Method: Six months after hospital discharge, a postal questionnaire was sent to the general practitioners of patients recruited to the French STEP cohort (Schizophrenie et son Traitement: une Evaluation de la Prize en charge), a prospective study of the clinical and social determinants of care pathways and prognosis for patients hospitalized for a first psychotic episode (DSM-IV criteria) in 5 services of the La Colombière Psychiatric Hospital, Montpellier, France. Length of stay in the hospital was dichotomized according to the median value of 35 days. Data collection took place from February 2008 to March 2009.

Results: Of the 121 STEP patients, 65% (n = 79) had a regular general practitioner. The general practitioners had been informed by the hospital of the admission of their patient in only 17.9% (7/39) of cases. Of the general practitioners, 78.3% (47/60) had seen the patient at least once since discharge, with a median number of visits standardized over 6 months of 0.86 (range, 0–8.6). General practitioners were better informed with regard to diagnosis, date of discharge, name of psychiatrist, treatment, and community follow-up at discharge for patients with a short length of stay in the hospital, who were also more likely than those with a long length of stay to be consulting for mental health problems.

Conclusions: Our findings suggest a low level of implication of general practitioners in providing postdischarge care to first-episode psychotic patients, irrespective of their length of hospital stay.

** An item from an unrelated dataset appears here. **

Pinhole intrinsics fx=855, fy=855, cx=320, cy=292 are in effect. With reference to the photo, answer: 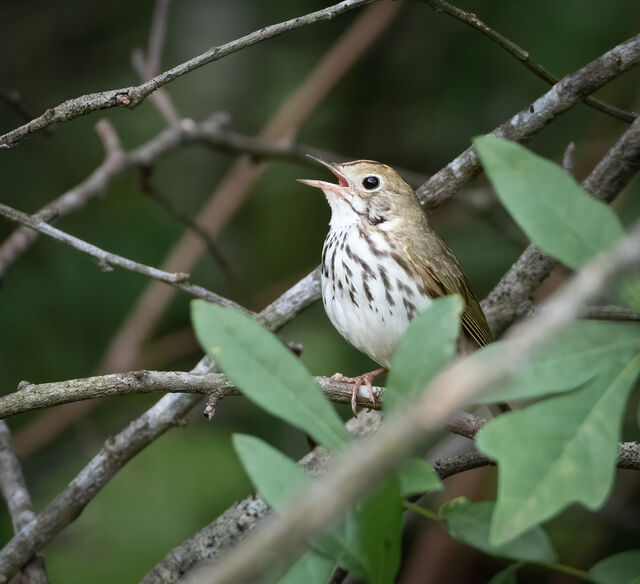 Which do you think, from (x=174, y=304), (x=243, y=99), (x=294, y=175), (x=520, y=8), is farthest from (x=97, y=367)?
(x=520, y=8)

Yet, the general practitioner has a role to play in coordinating and providing care for somatic health problems as well as psychiatric symptoms, specifically in the case of early discharge.

Prim Care Companion CNS Disord 2011;13(5):doi:10.4088/PCC.11m01180

Submitted: March 14, 2011; accepted April 13, 2011.

Published online: September 29, 2011.

Corresponding author: Joanna L. Norton, PhD, INSERM, U1061, Neuropsychiatry: Epidemiological and Clinical Research, La Colombière Hospital, 39 avenue Charles Flahault, BP 34493, 34093 Montpellier Cedex 5, France (joanna.norton@inserm.fr).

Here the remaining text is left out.